# Raw data
--- START ---
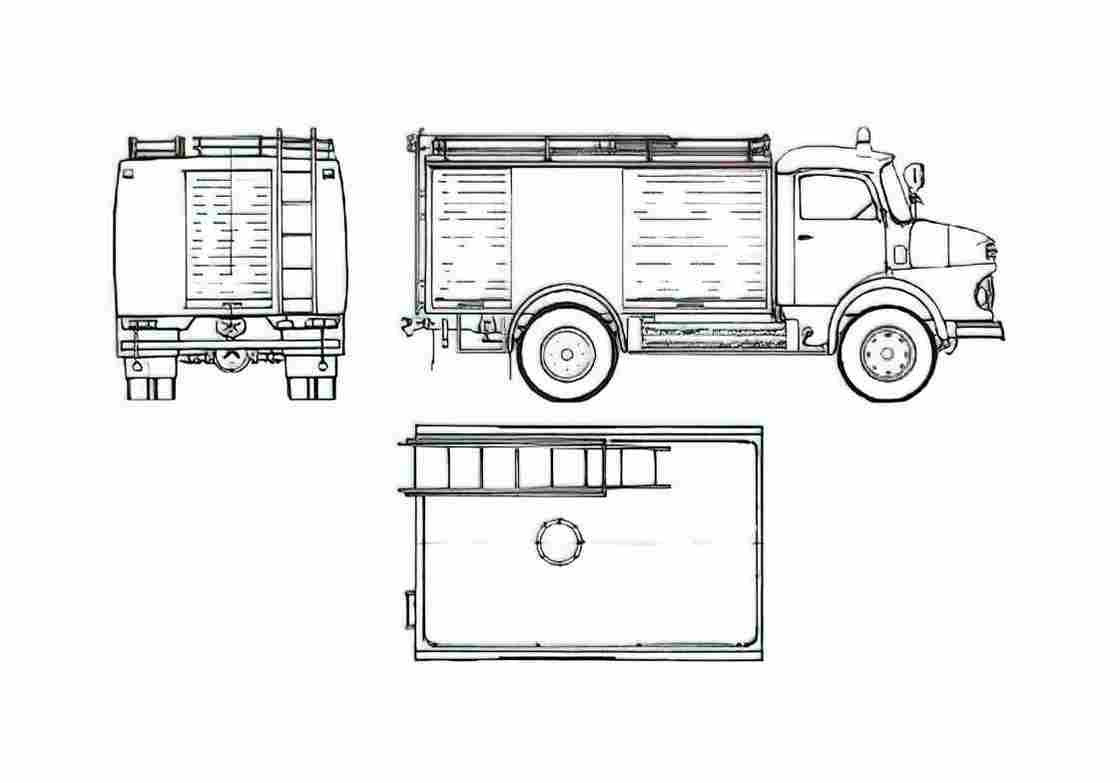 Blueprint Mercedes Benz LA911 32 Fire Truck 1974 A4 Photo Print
--- END ---
--- START ---
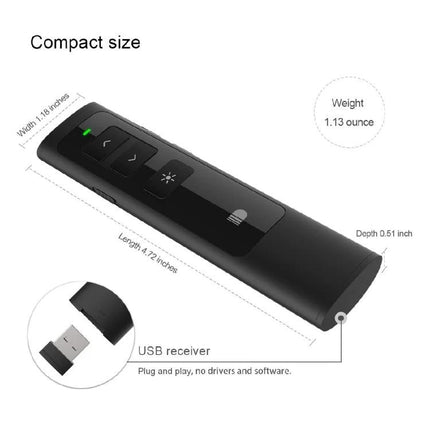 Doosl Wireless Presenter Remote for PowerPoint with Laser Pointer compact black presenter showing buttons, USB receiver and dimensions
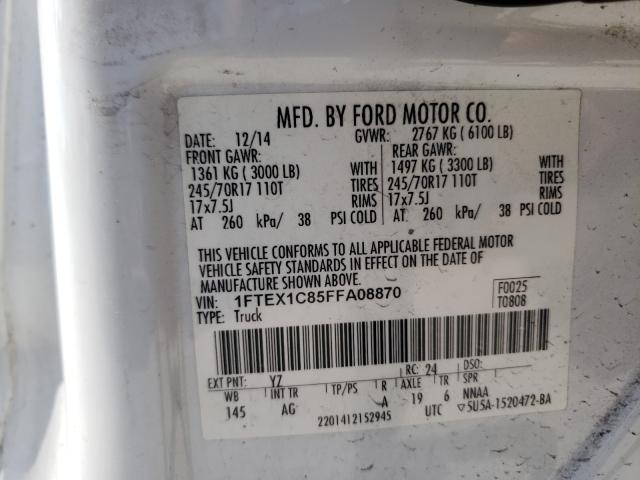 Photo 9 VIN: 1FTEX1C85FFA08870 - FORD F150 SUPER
--- END ---
# What this task involves
Reproduce the entries exactly, from the line with "Doosl Wireless Presenter" to the line with "Photo 9 VIN: 1FTEX1C85FFA08870", both lines included, keeping no pictures.

# Solution
 Doosl Wireless Presenter Remote for PowerPoint with Laser Pointer compact black presenter showing buttons, USB receiver and dimensions
 Photo 9 VIN: 1FTEX1C85FFA08870 - FORD F150 SUPER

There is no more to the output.